Item 44127737

Boxxed • 4 days ago

Does anyone use clickhouse in production? I was initially pretty impressed but when I really put it through its paces I could OoM it as soon as I actually started querying non-trivial amounts of data:

https://github.com/ClickHouse/ClickHouse/issues/79064

fishtoaster • 4 days ago

Yep. Clickhouse is absolutely great for tons of production use cases.

Unless you try to join tables in it, in which case it will immediately explode.

More seriously, it's a columnar data store, not a relational database. It'll definitely pretend to be "postgres but faster", but that's a very thin and very leaky facade. You want to do massively a complex set of selects and conditional sums over one table with 3b rows and tb of data? You'll get a result in tens of seconds without optimization. You want to join two tables that postgres could handle easily? You'll OOM a machine with TB of memory.

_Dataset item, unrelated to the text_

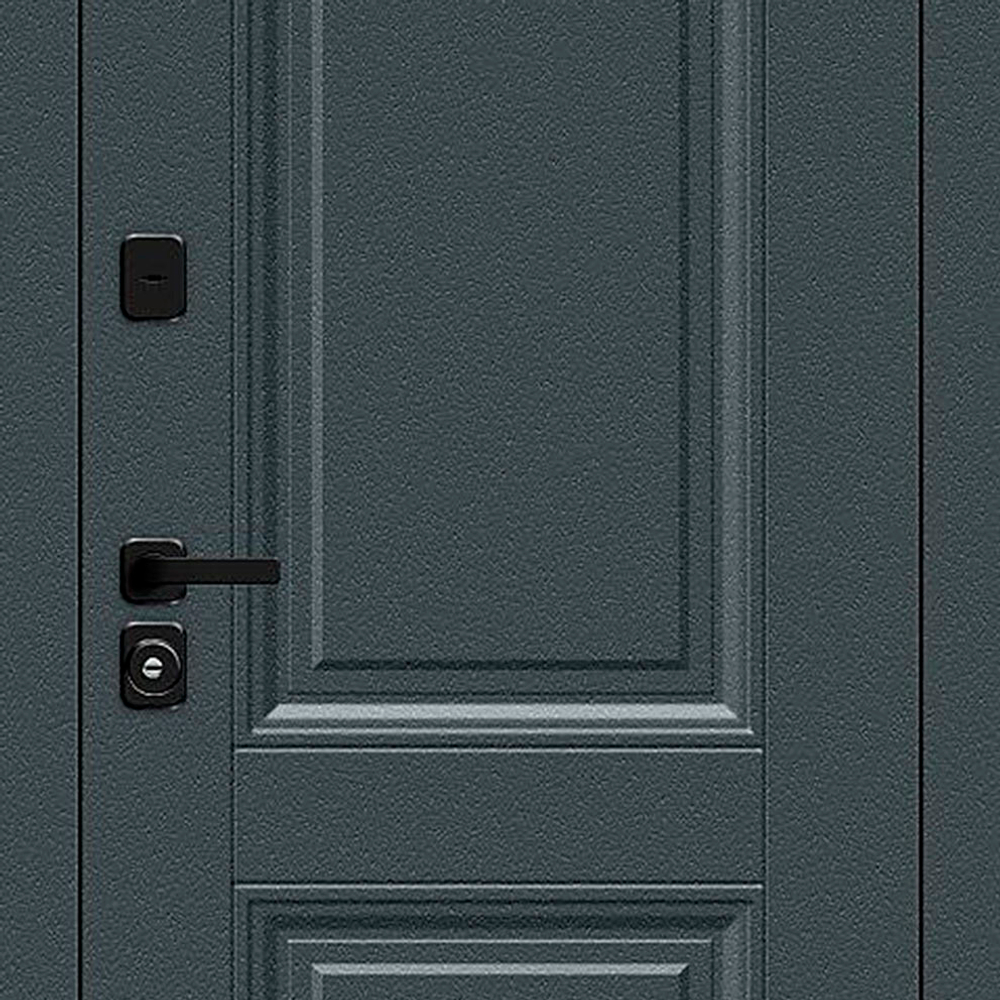 BRAVO Thermo Некст МФ Антрацит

So: good for very specific use cases. If you have those usecases, it's great! If you don't, use something else. Many large companies have those use cases.

3 replies

Boxxed • 3 days ago

Yeah I think that's a good summary. For instance, clickbench is comprised of >40 queries and there's not a single join in them: https://github.com/ClickHouse/ClickBench/blob/main/clickhous...

1 reply

zX41ZdbW • 1 day ago

There is the "versions benchmark," which includes a lot of queries with JOINs and compares ClickHouse performance on them: https://benchmark.clickhouse.com/versions/

adrian17 • 3 days ago

The majority of our queries have joins (plus our core logic often depends on fact table expansion with `arrayJoin()`s) before aggregations and we're doing fine. AFAIK whenever we hit memory issues, they are mostly due to high-cardinality aggregations (especially with uniqExact), not joins. But I'm sure it can depend on the specifics.

1 reply

legorobot • 3 days ago

Definitely agree with this, I think ClickHouse can do a lot with joins if you don't implement them naively. Keeping the server up-to-date is a part of it too.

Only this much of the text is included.